* **Directions**: Each line from the one containing "Profit Boost with" to the last line of the listing below is to be duplicated exactly, and no picture is to be carried over.

* **Provided records**:
........
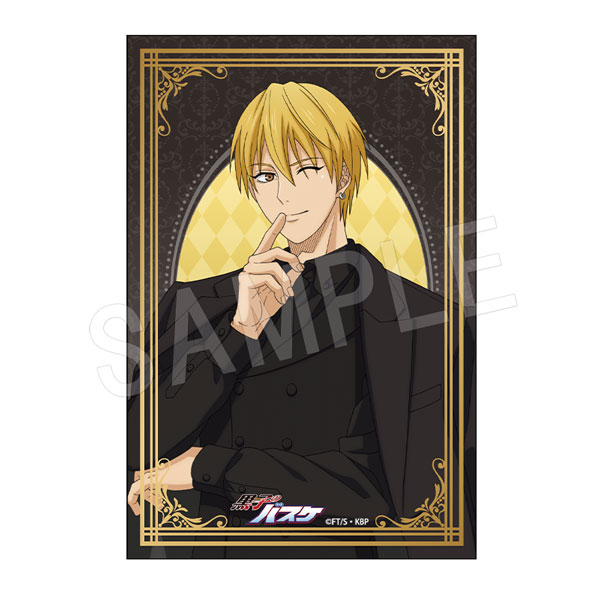 黒子のバスケ キャラポップストア 黄瀬 アクリルボード 黒子のバスケ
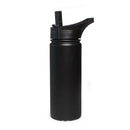Insulated Sports Water Bottle Straw Lid Bpa Free Wide Mouth For Hydro Flask V3W1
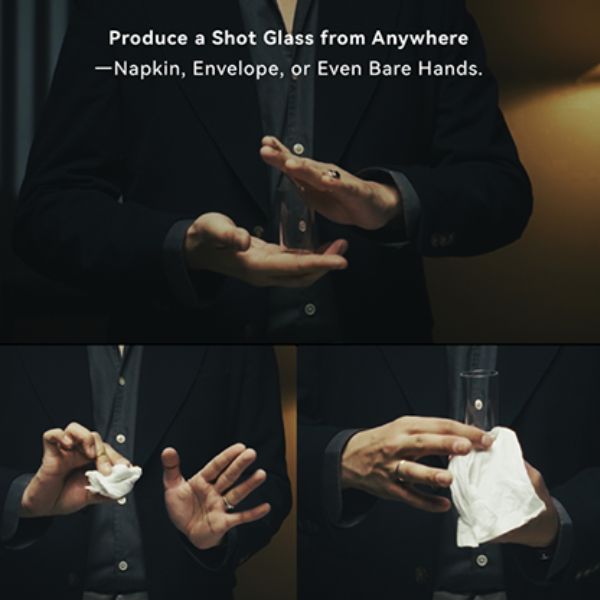 Max Shot by Sinbad Max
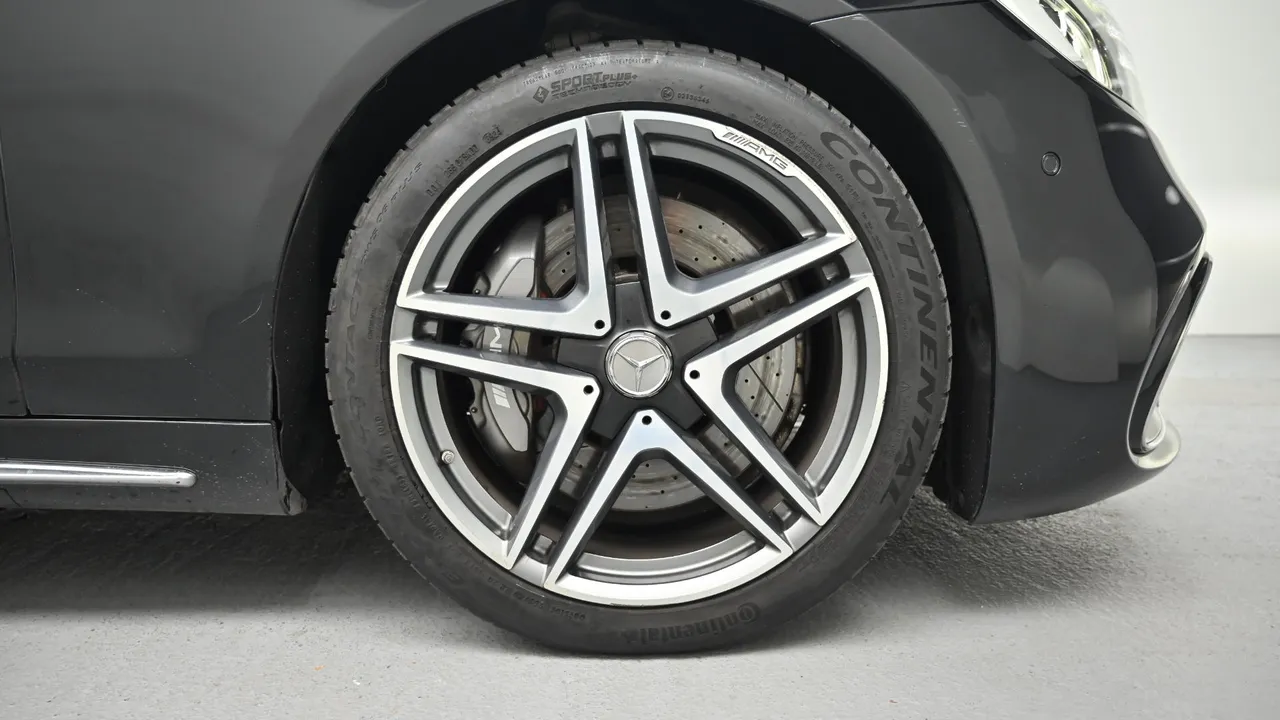Mercedes-Benz S-klasse — miniaturë 5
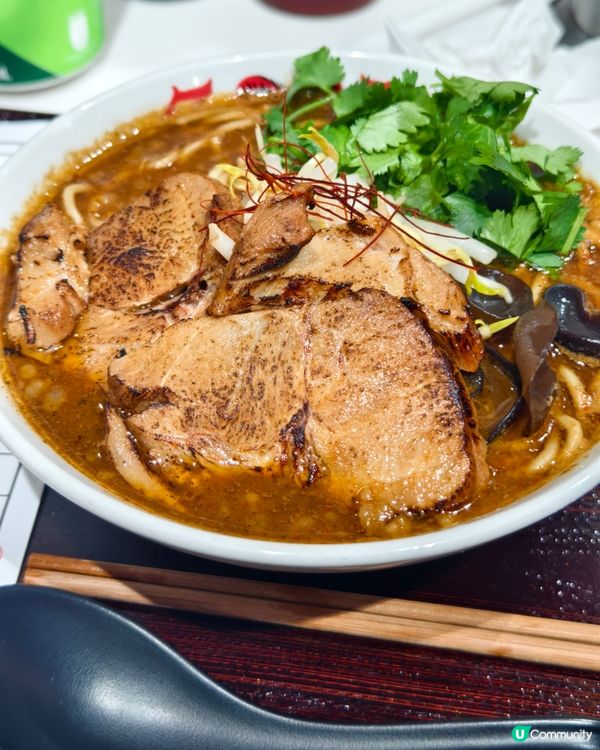 魚雷沾麵新口味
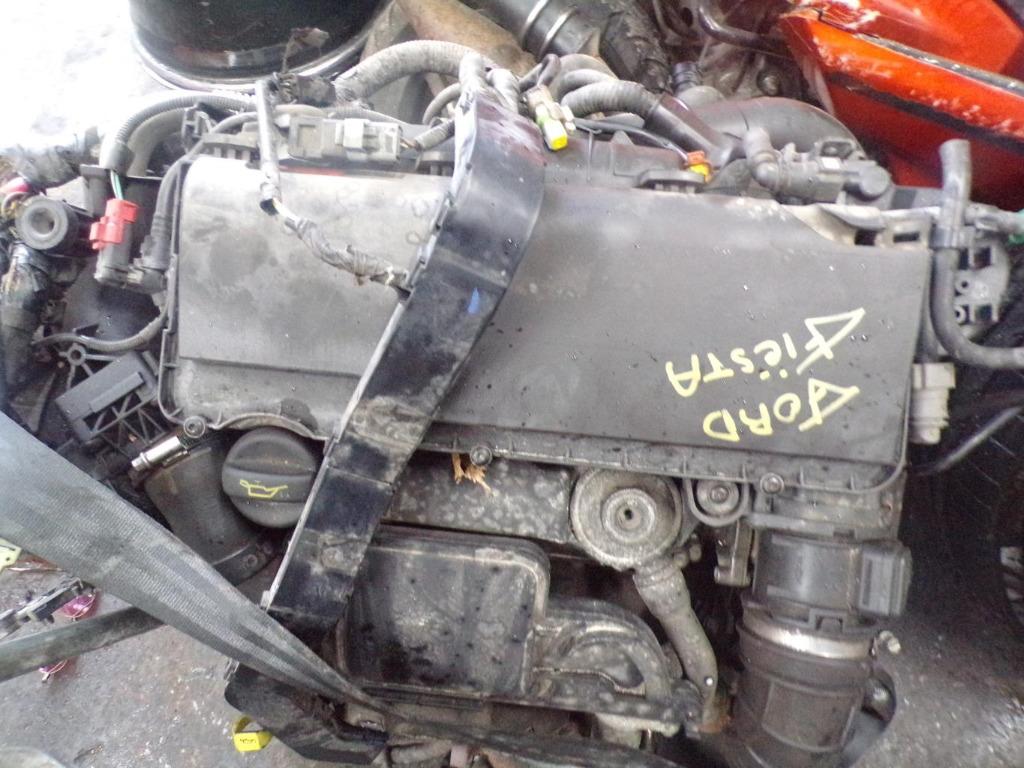 Moteur Ford Fiesta 6 1.4TDCi 50kw F6JD 2008-2012 LP/14530, Enlèvement, Utilisé, Ford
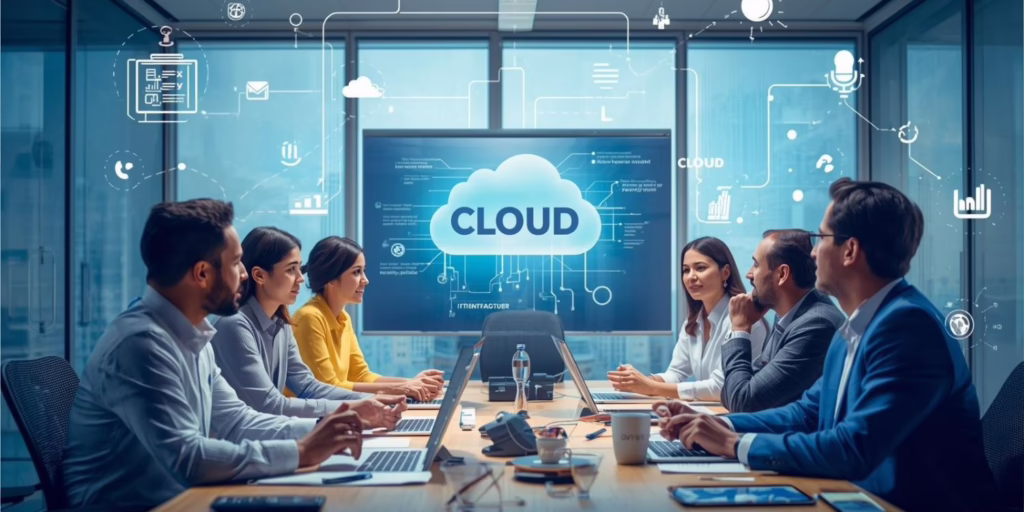 What Government Organizations Should Know About Cloud Adoption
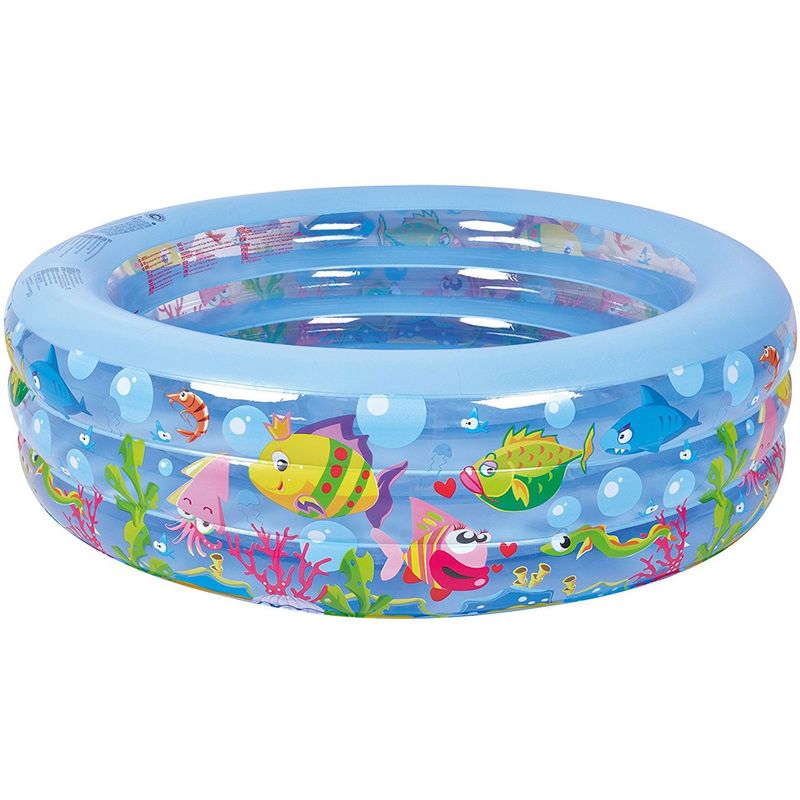 استخر بادی جیلانگ مدل aquarium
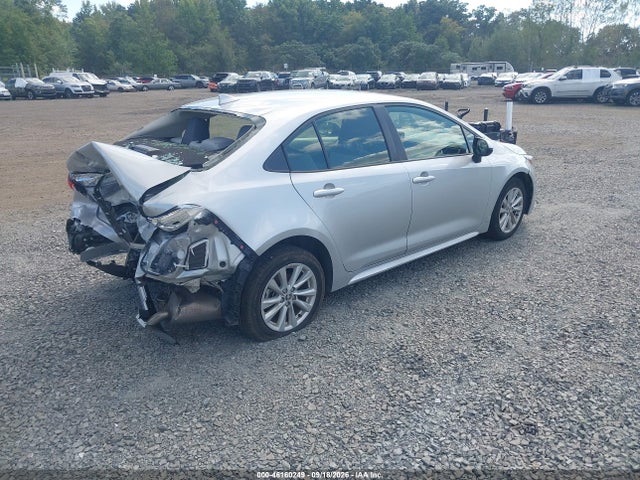 46160249 :رقم المزاد ، JTDBCMFEXSJ042666 vin ، 2025 Toyota Corolla Hybrid Le مزاد بيع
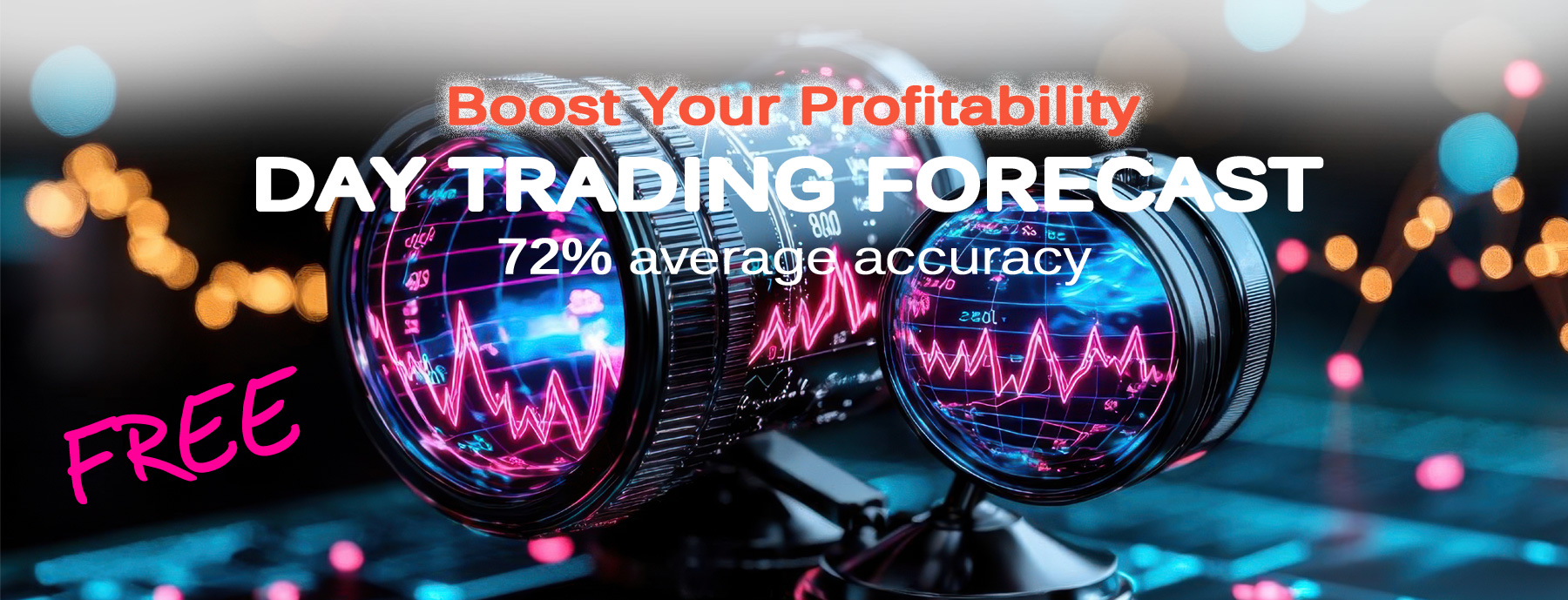 Profit Boost with Better Market Forecast Insight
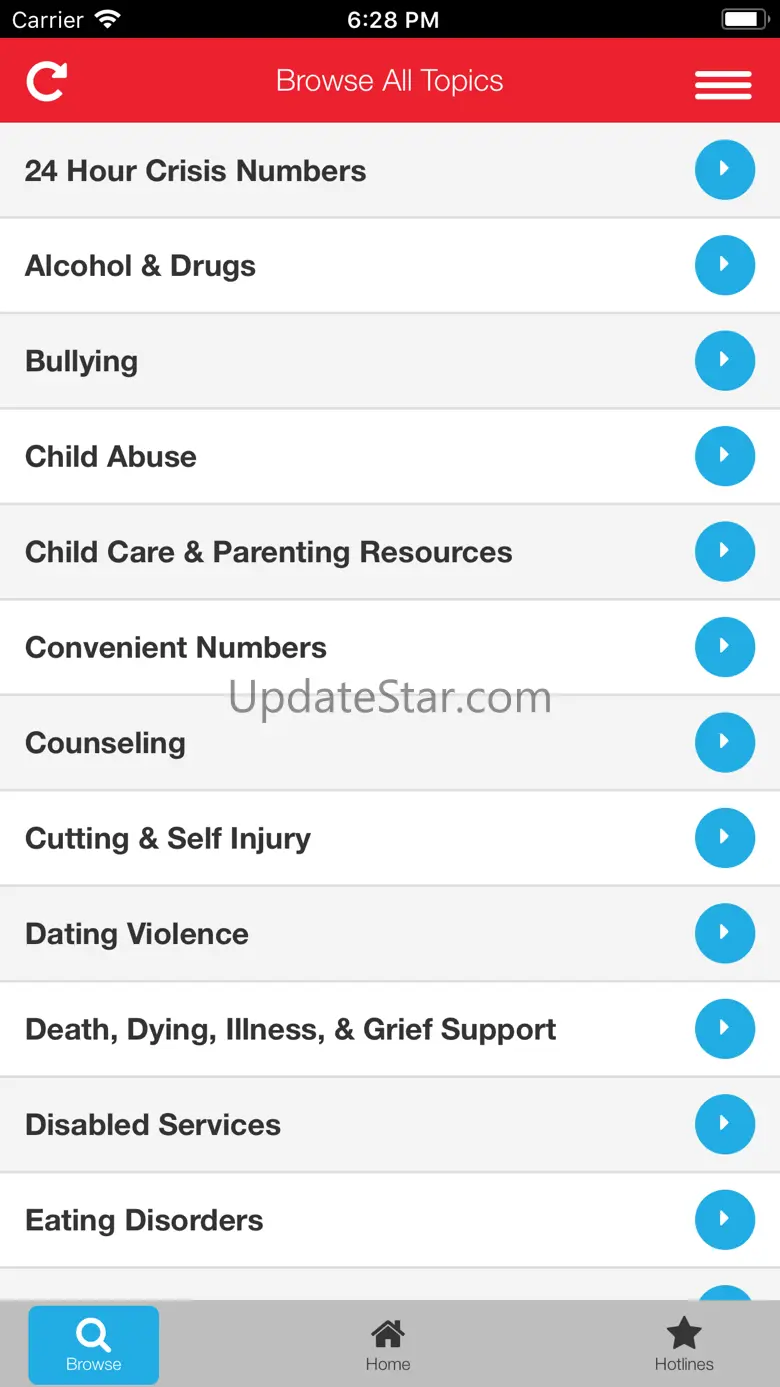 Youth Yellow Pages 1.0.16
........
* **Task output**:
 Profit Boost with Better Market Forecast Insight
 Youth Yellow Pages 1.0.16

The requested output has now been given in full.